* Task instructions *
Nothing beyond the line containing "Queue q = new Queue();" is to be printed; print exactly each line from the start of the records below through that line, leaving out pictures.

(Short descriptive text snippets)
[Start of section]

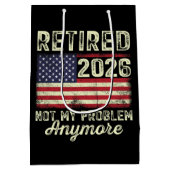 Retired 2026 Not My Problem Anymore Medium Cadeauzakje (Achterkant)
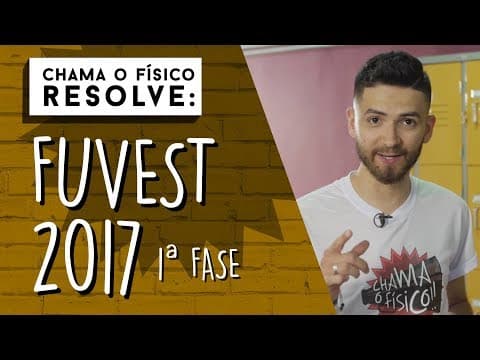 Thumbnail da aula: Fuvest 2017 | CHAMA O FÍSICO RESOLVE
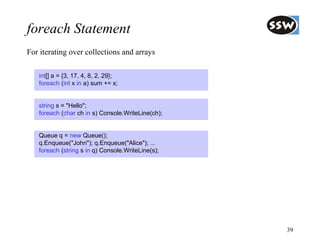 foreach Statement
For iterating over collections and arrays

   int[] a = {3, 17, 4, 8, 2, 29};
   foreach (int x in a) sum += x;


   string s = "Hello";
   foreach (char ch in s) Console.WriteLine(ch);


   Queue q = new Queue();
   q.Enqueue("John"); q.Enqueue("Alice"); ...
   foreach (string s in q) Console.WriteLine(s);




                                                   39
 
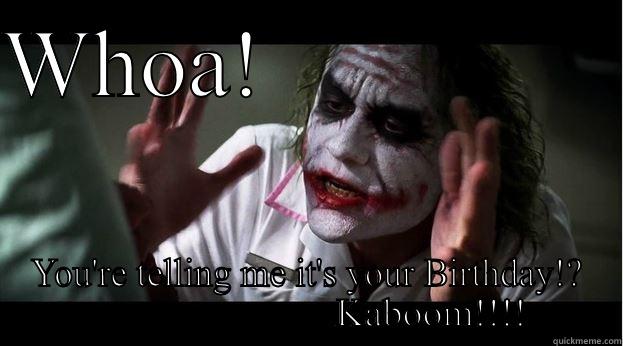 Mind Blown Birthday - WHOA!                YOU'RE TELLING ME IT'S YOUR BIRTHDAY!?                          KABOOM!!!! Joker Mind Loss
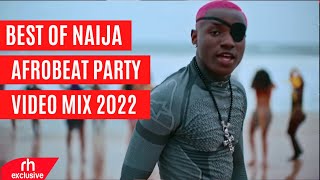 BEST OF AFROBEAT NAIJA SONGS VIDEO MIX 2022 DJ CARLOS FT RUGERBURNA BOYKIZZ DANIELWIZKIDOMAH LAY [upl. by Cherey751]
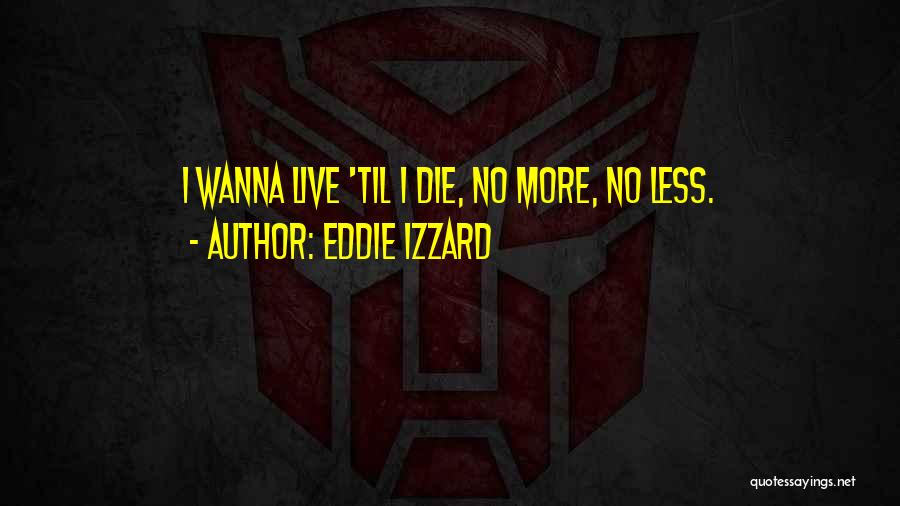 Eddie Izzard Quotes: I Wanna Live 'til I Die, No More, No Less.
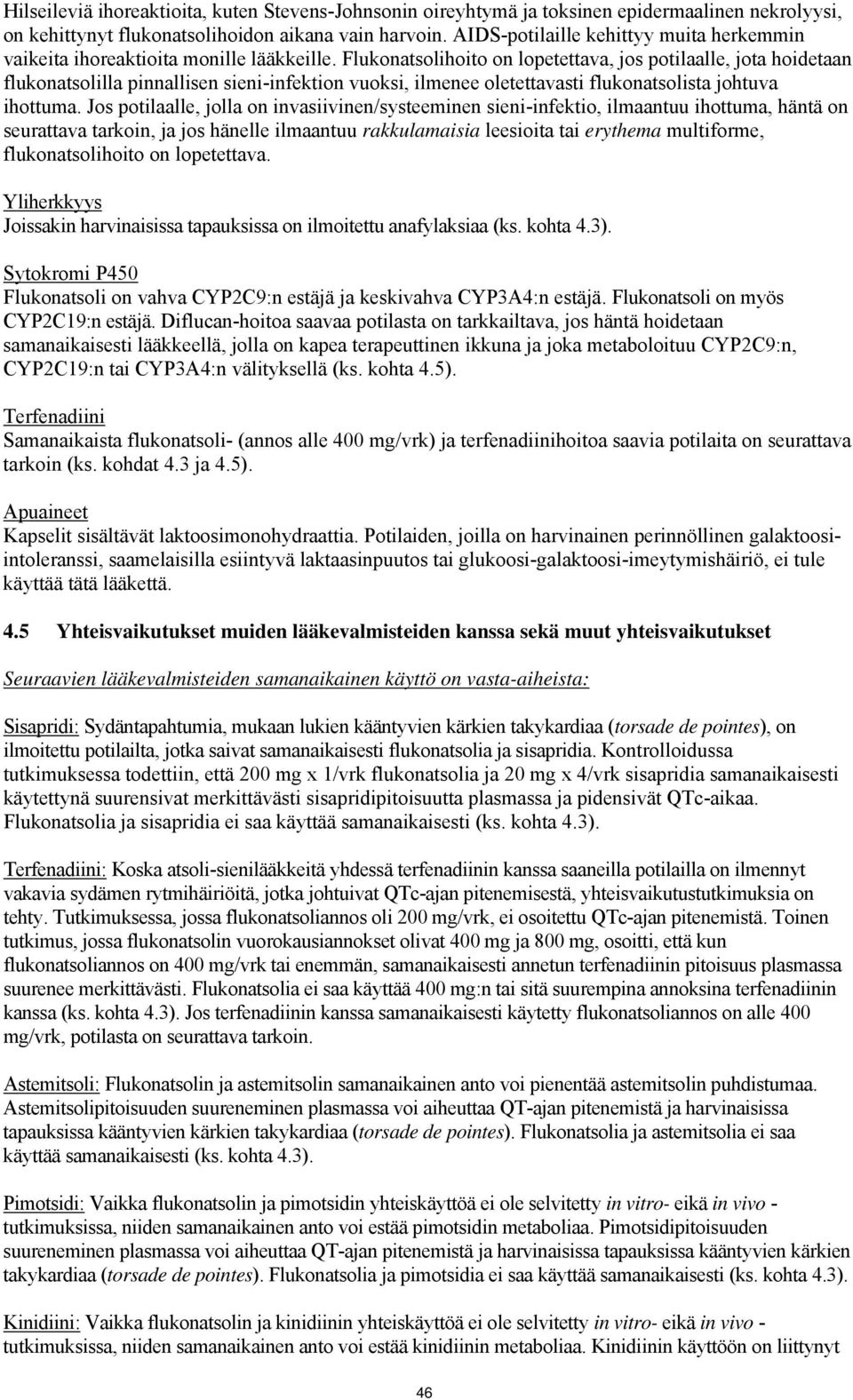 Flukonatsolihoito on lopetettava, jos potilaalle, jota hoidetaan flukonatsolilla pinnallisen sieni-infektion vuoksi, ilmenee oletettavasti flukonatsolista johtuva ihottuma.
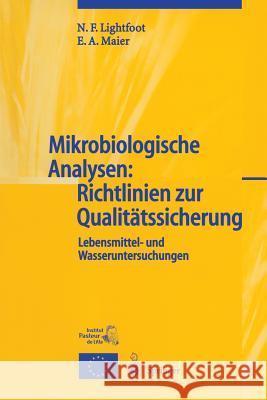 Mikrobiologische Analysen: Richtlinien Zur Qualitätssicherung: Lebensmittel- Und Wasseruntersuchungen Sommer, Regina 9783642629150 Springer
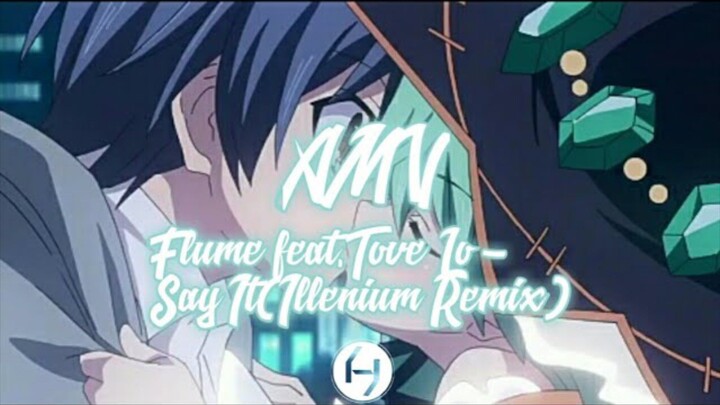 AMV - 「Date A Live」- Say It (ILLENIUM REMIX)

[End of section]

* Expected output *
 Retired 2026 Not My Problem Anymore Medium Cadeauzakje (Achterkant)
 Thumbnail da aula: Fuvest 2017 | CHAMA O FÍSICO RESOLVE
 foreach Statement
For iterating over collections and arrays

   int[] a = {3, 17, 4, 8, 2, 29};
   foreach (int x in a) sum += x;


   string s = "Hello";
   foreach (char ch in s) Console.WriteLine(ch);


   Queue q = new Queue();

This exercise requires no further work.